Could the subsidies discourage some foster parents from adopting?
Overall, there was a huge increase in the number of children who were adopted or taken into guardianship during our study. If you give families an option like guardianship, more will choose to become permanent caregivers, but some will choose guardianship over adoption, mainly with older children who prefer to leave their relationships with their birth parents intact.
If they don't have a choice, relatives often feel that they might lose custody, so they reluctantly adopt. I think it's better to offer people a choice rather than force them to make a decision that doesn't fit well with their family values or what the children want.
Do incentives for caregivers to adopt or become the guardians of children with special needs help?
Adoption assistance grew out of findings that many people were willing to adopt but were concerned about the long-term support of the children, particularly children with special needs and older children.

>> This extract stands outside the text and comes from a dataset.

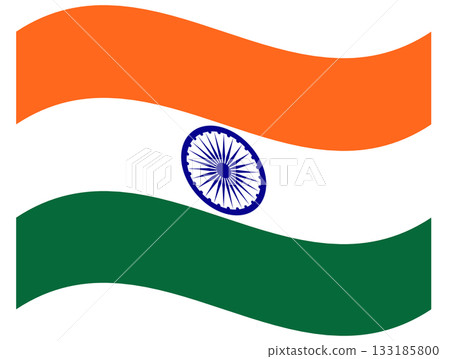 Waving flag of India isolated. Flag of India emoji symbol, wave banner. 133185800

In 1997, there were 52,000 foster children in the Illinois system; today there are 16,000. Most of them have gone into adoptive homes and were special needs children by age or disability. About 6,000 of them went into guardianship homes.
The act also contains special provisions for children who are Native American. Why?
Historically, tribal governments have been disenfranchised from directly receiving federal foster care benefits. They would have to apply to a state in order to use federal foster care dollars to take care of Native American children. The new regulations allow tribal governments to use federal funds to provide for foster care, adoption and guardianship of their children.
Why give states the option of extending foster care until youth reach age 21?
The transition to young adulthood now lasts well beyond age 18 into the middle and late twenties. Our old system of saying 'So long!' to foster children at age 18 was resulting in record numbers of youth who were homeless, who ended up being victimized and were really unprepared to take care of themselves.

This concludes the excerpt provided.